Short text fragments from websites>
════

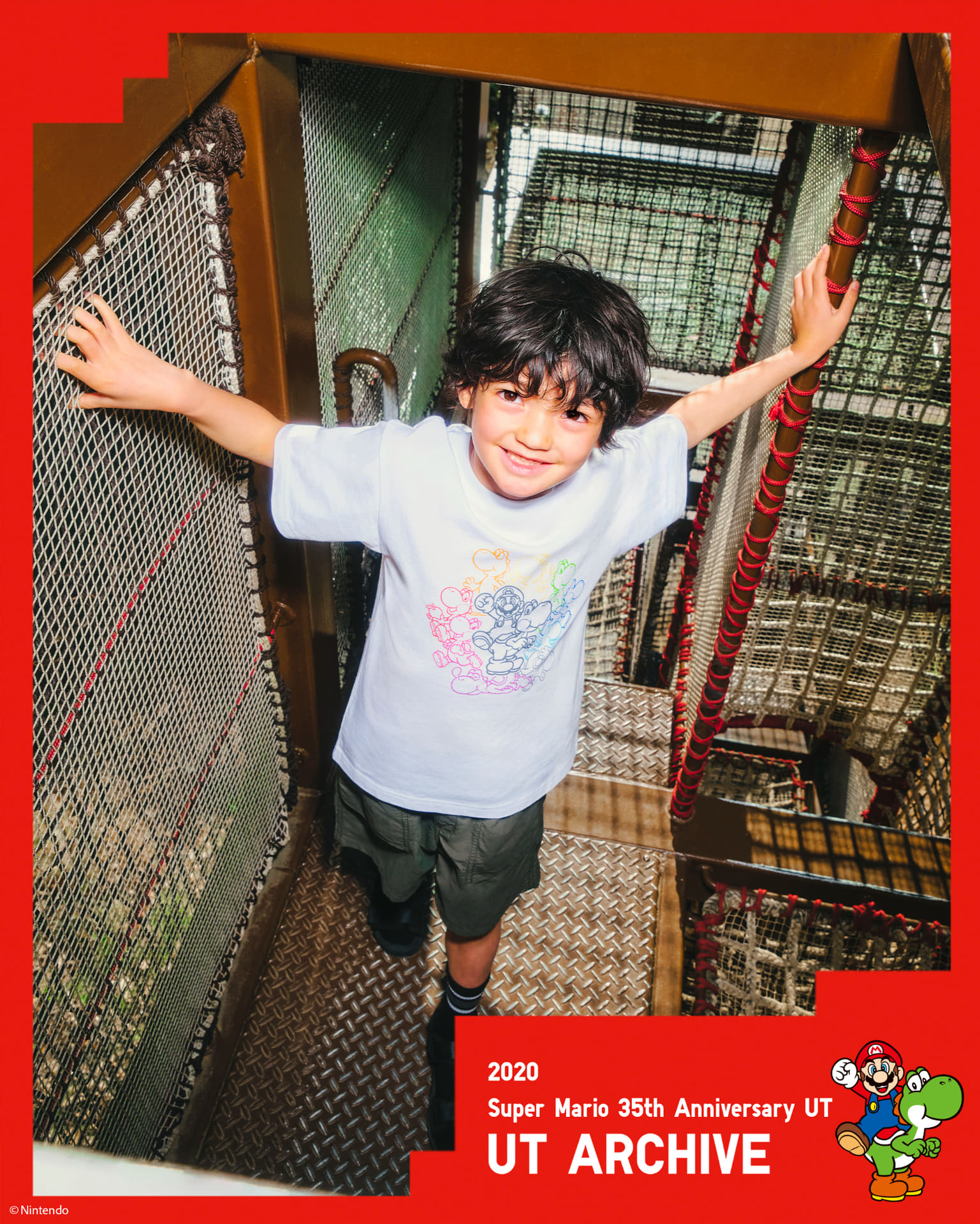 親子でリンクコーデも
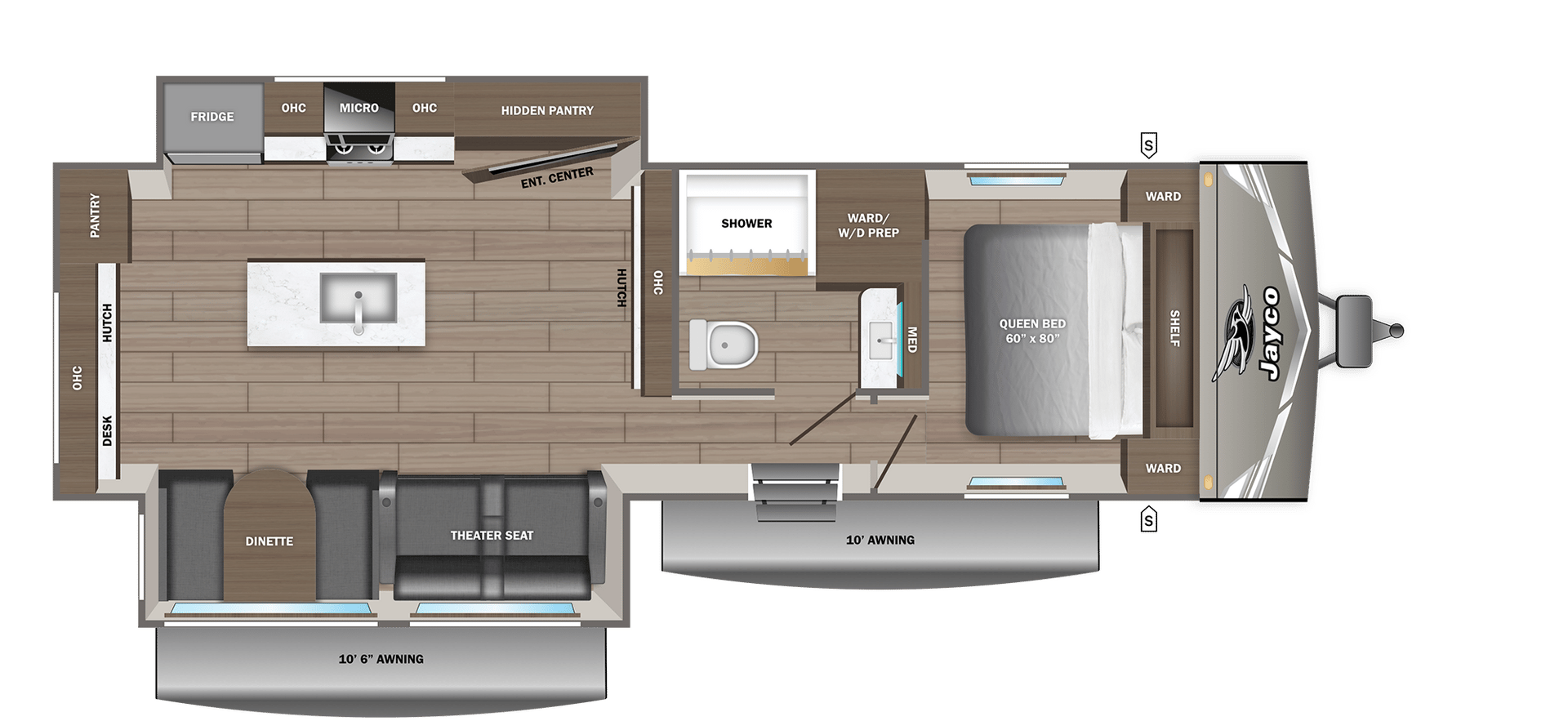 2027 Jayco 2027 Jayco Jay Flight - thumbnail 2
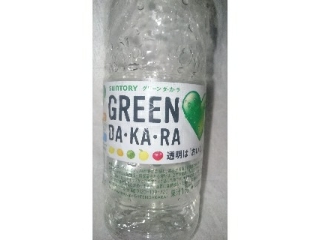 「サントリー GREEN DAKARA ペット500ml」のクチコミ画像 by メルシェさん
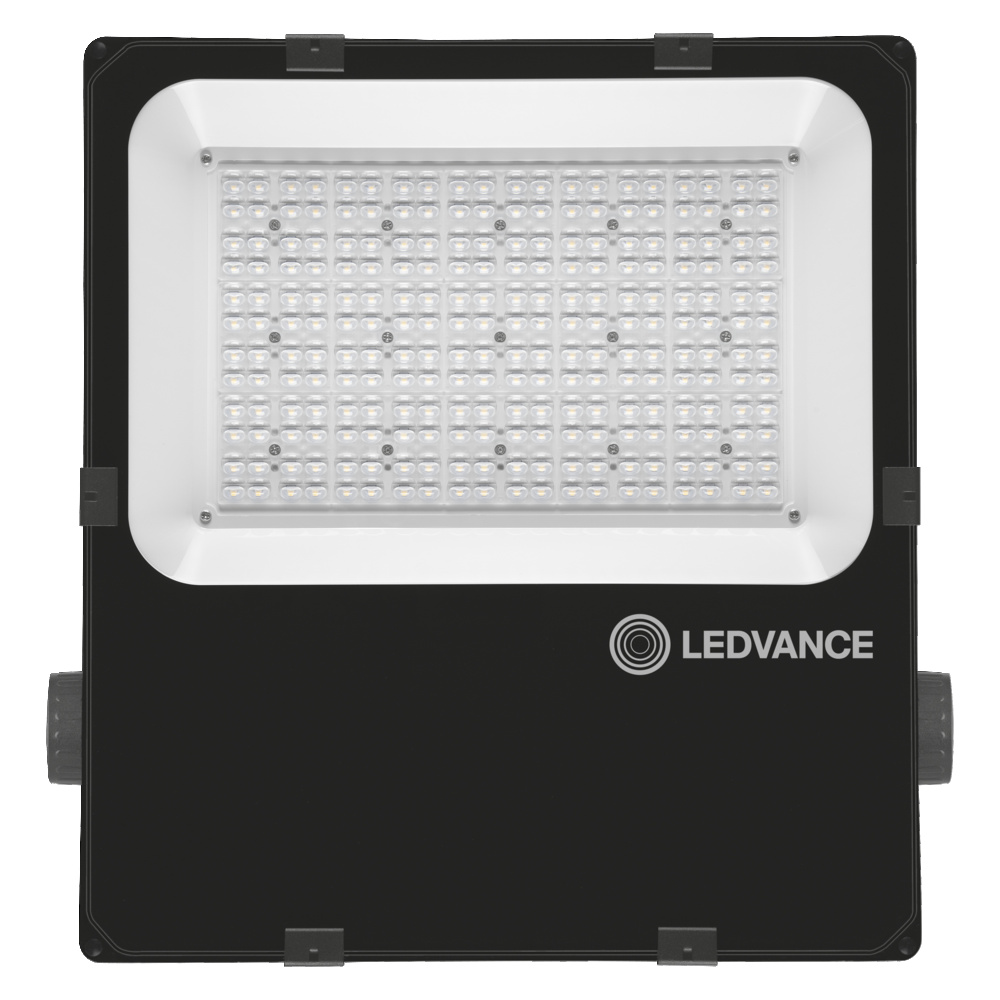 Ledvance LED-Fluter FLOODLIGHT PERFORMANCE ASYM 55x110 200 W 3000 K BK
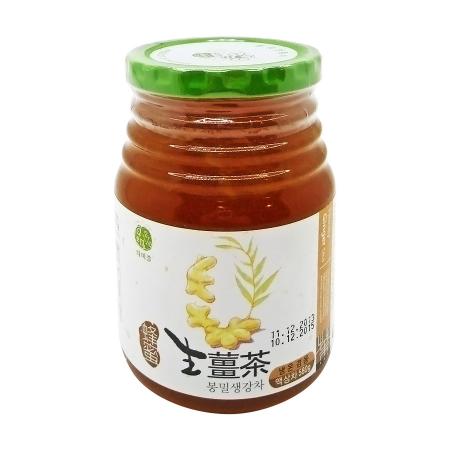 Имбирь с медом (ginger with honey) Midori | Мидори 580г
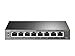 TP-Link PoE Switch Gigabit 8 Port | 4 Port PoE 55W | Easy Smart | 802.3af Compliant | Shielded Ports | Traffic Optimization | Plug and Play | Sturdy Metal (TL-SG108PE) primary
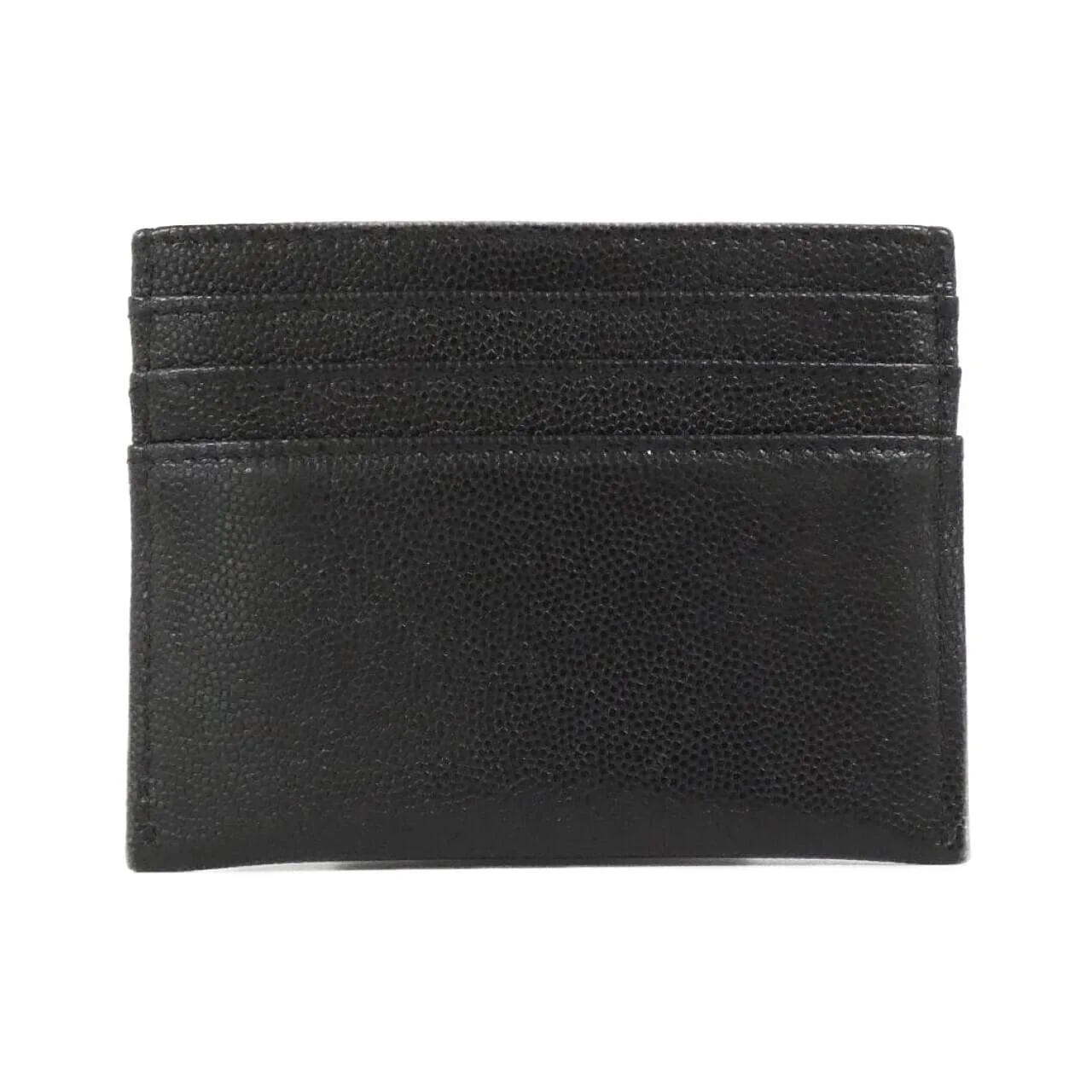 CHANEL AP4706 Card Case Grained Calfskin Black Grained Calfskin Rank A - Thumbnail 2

════

EXERCISE GOAL> Each record should be written out again exactly, though without its pictures.

WRITTEN SOLUTION>
 親子でリンクコーデも
 2027 Jayco 2027 Jayco Jay Flight - thumbnail 2
 「サントリー GREEN DAKARA ペット500ml」のクチコミ画像 by メルシェさん
 Ledvance LED-Fluter FLOODLIGHT PERFORMANCE ASYM 55x110 200 W 3000 K BK
 Имбирь с медом (ginger with honey) Midori | Мидори 580г
 TP-Link PoE Switch Gigabit 8 Port | 4 Port PoE 55W | Easy Smart | 802.3af Compliant | Shielded Ports | Traffic Optimization | Plug and Play | Sturdy Metal (TL-SG108PE) primary
 CHANEL AP4706 Card Case Grained Calfskin Black Grained Calfskin Rank A - Thumbnail 2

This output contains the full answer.